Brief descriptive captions
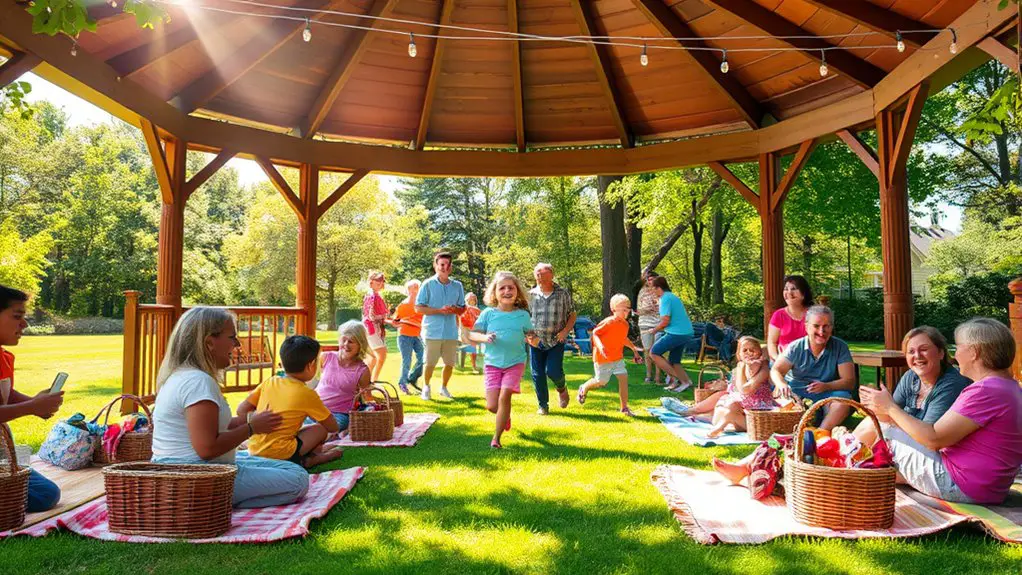 family fun in gazebo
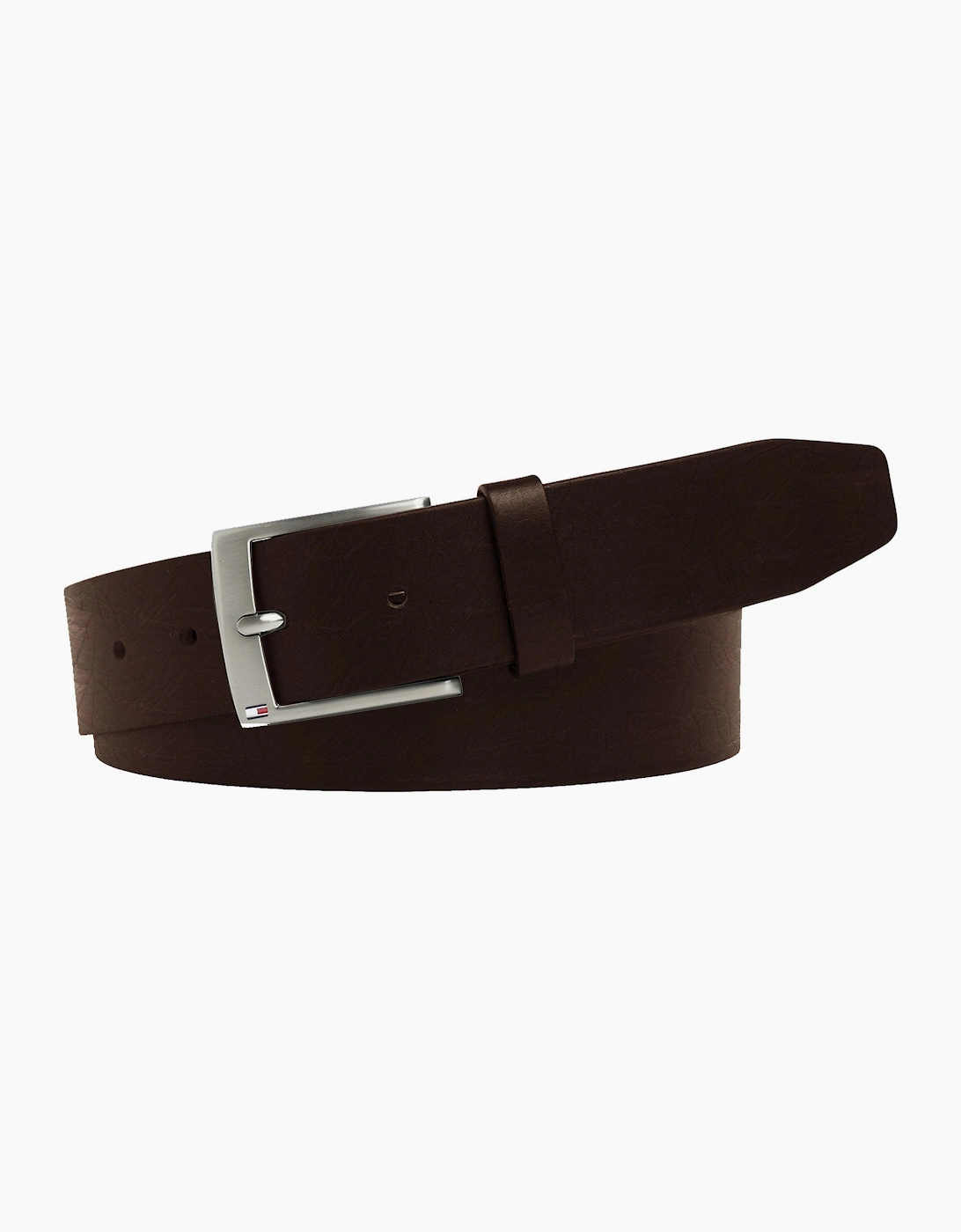 Men's Tommy Hilfiger Flag Buckle Leather Belt - Brown
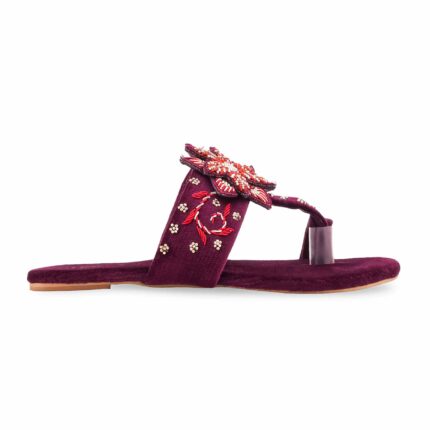 Maroon Ethnic Chappal For Ladies EC0247 - View 2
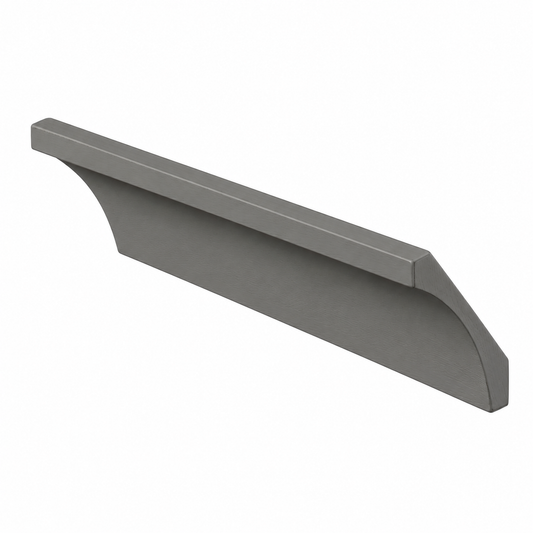 A single long, narrow dark navy hardware piece with a curved, bracket-like shape, shown on a plain white background | USA Cabinets Outlet 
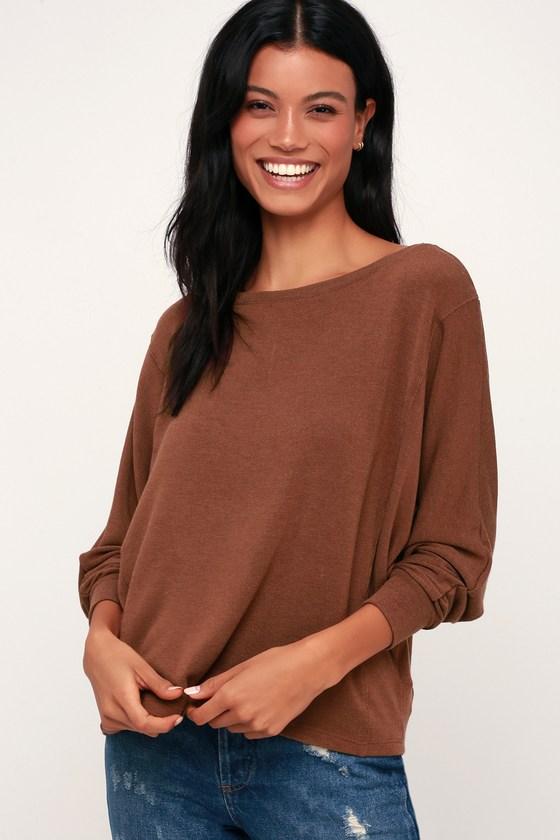Project Social T Corlyn Brown Long Sleeve Dolman Top | Lulus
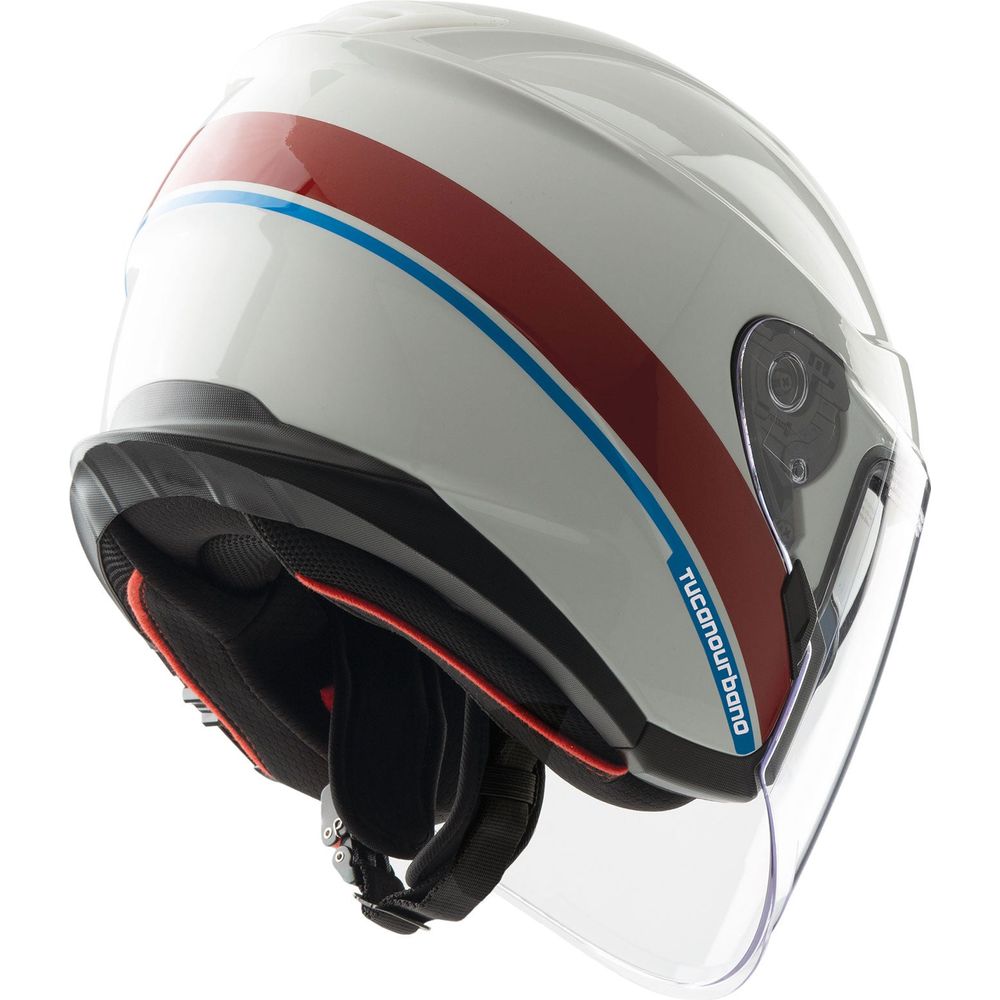 Tucano Urbano EL'Max Open Face Helmet Glossy White Graphic-A FREE 1 YEAR Returns, FREE UK Delivery | ThrottleChimp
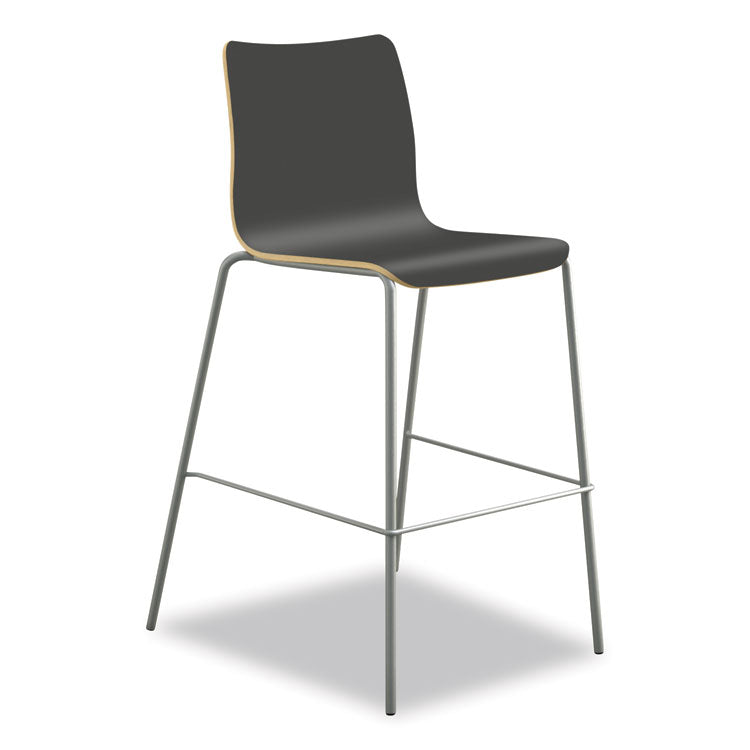 Ruck Laminate Stool, Supports Up to 300 lb, 30" Seat Height, Charcoal Seat/Back, Silver Base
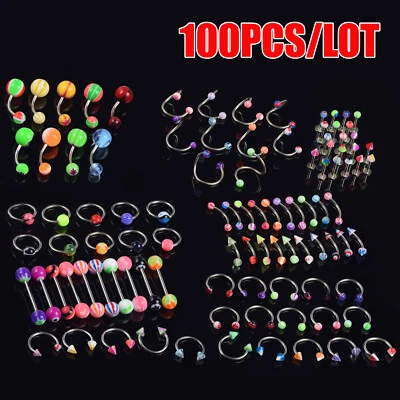 100PCS Mix Ear Nose Belly Lip Ring Tragus Cartilage Studs Piercing Kit 14G 16G - Image 1 of 4
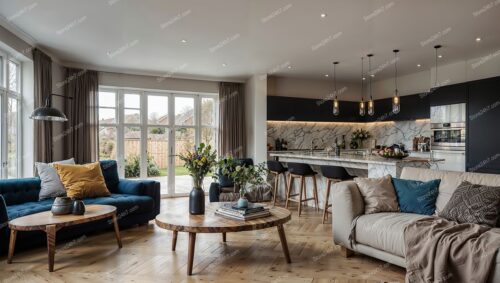 Contemporary UK Property Living Room with Natural Light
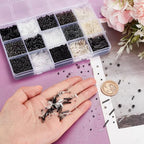 PH PandaHall 5000pcs+ Glass Seed Beads 15 Styles Bugle Beads Tube Bead Black White Silver Small Waist Bead for Punk Style Jewelry Making Bracelet Beading Weaving Embroidery DIY Craft Summer - color: Black White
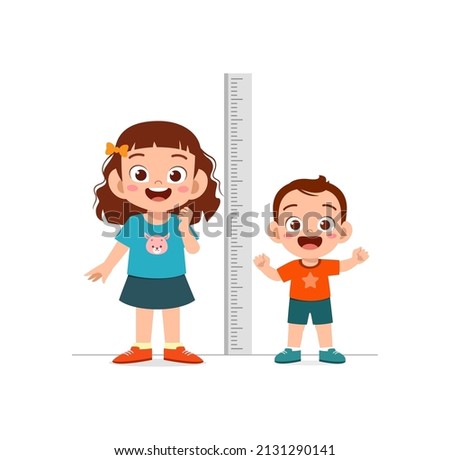 boy and girl measure height and compare grow progress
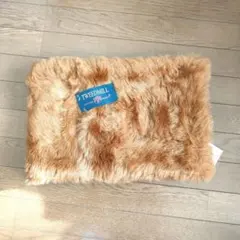 新品★TWEEDMILL ファーマフラーストールツイードミルノーリーズ茶ブラウン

### YOUR ASSIGNMENT
Give back all entries exactly. No pictures belong in the copy.

### TASK ANSWER
 family fun in gazebo
 Men's Tommy Hilfiger Flag Buckle Leather Belt - Brown
 Maroon Ethnic Chappal For Ladies EC0247 - View 2
 A single long, narrow dark navy hardware piece with a curved, bracket-like shape, shown on a plain white background | USA Cabinets Outlet 
Project Social T Corlyn Brown Long Sleeve Dolman Top | Lulus
 Tucano Urbano EL'Max Open Face Helmet Glossy White Graphic-A FREE 1 YEAR Returns, FREE UK Delivery | ThrottleChimp
 Ruck Laminate Stool, Supports Up to 300 lb, 30" Seat Height, Charcoal Seat/Back, Silver Base
 100PCS Mix Ear Nose Belly Lip Ring Tragus Cartilage Studs Piercing Kit 14G 16G - Image 1 of 4
 Contemporary UK Property Living Room with Natural Light
 PH PandaHall 5000pcs+ Glass Seed Beads 15 Styles Bugle Beads Tube Bead Black White Silver Small Waist Bead for Punk Style Jewelry Making Bracelet Beading Weaving Embroidery DIY Craft Summer - color: Black White
 boy and girl measure height and compare grow progress
 新品★TWEEDMILL ファーマフラーストールツイードミルノーリーズ茶ブラウン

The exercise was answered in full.